The inclusion of secondary characters (those that only are applicable to some of the taxa understudy) into phylogenetic studies can provide deeper insight into the relationship between taxa. Below, we demonstrate one possible way to include inapplicable characters into the scoring of phylogenetic trees. To do so, we use two key ideas:
- The scoring extends the canonical algorithm of Fitch, 1971 that computes the sum of the changes across the branches of the tree, and
- To include inapplicable characters in the sum of the changes, we use a disparity measure that weights the primary and secondary contribution to the change. For this proof-of-concept, we use the HSJ disparity measure of Hopkins & St. John, 2018., but others can be used instead. The HSJ measure has a scaling parameter, α, that adjusts the weight inapplicable characters have in the analysis.
We build on the extendible frameworks of Brazeau, Guillerme, and Smith, 2019. to implement the algorithm.
Maddison, 1993 considered the situation where some taxa have tails, some do not, and how do you include that information in the analysis. We start with a simple example of antennae and then discuss the Maddison example.

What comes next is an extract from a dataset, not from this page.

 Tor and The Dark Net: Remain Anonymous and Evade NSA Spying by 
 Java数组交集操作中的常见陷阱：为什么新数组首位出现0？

Silhouettes modified from phylopic.org (Scutigerella immaculata by Janssen, Prpic, Damen, & Keesey; Lithobius forficatus by B. Lang).
We start with a simpler example (pictured above). The matrix has four taxa: two (t1 and t2) with red antennae and two (t3 and t4) with blue antennae. Taxa t1 and t4 represent Symphyla myriapods, and t2 and t3 represent Chilopoda myriapods. The first character in the matrix indicates the presence or absence of antennae. The next four characters, in gray italics, describe the antennae. If antennae are not present (i.e., the first character is coded as absent or '0'), then these characters are inapplicable in the analysis. For this example, antennae are coded as present for all the taxa.

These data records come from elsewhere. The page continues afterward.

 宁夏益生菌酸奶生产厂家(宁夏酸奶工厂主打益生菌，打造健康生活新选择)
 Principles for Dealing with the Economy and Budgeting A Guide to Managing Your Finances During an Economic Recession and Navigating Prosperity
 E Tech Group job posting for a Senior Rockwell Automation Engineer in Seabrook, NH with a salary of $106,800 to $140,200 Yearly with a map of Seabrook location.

The two trees are annotated with the transitions for character states required for an internal labeling with minimal number of changes. Focusing first on the four primary characters, scoring the trees via the canonical algorithm of Fitch, 1971, the left-hand tree has a score of 6, and the right-hand tree has a score of 3. The right-hand tree has the better score, and, in fact, the best score over all possible trees on these taxa.
The secondary characters have an additional 4 (and 8, resp.) changes for the left-hand (right-hand) tree, which if included directly in the scores, favors the left-hand tree. In this case, the contribution of the secondary characters outweighs the primary character contribution and yields a different tree as optimal.
To include secondary characters in the analysis, we scale the contribution of each associated primary by their secondary character contribution, scaled by a parameter, α, ranging from 0 to 1. We use the HSJ disparity measure in the examples below, but other disparity measures can be used as well. For the HSJ measure, when α=0, there is no contribution of the secondaries, and the scores are identical to the Fitch algorithm on the primary characters. When α=0.5, the contribution is 50% of the fraction of the secondaries that disagree. So, the left-hand tree has a score of 6 + α(4/4) = 6 + 0.51 = 6.5. The right hand tree has a score of 3 + α*(4/4+4/4) = 4. If α=1.0, then the scores become 7 and 5.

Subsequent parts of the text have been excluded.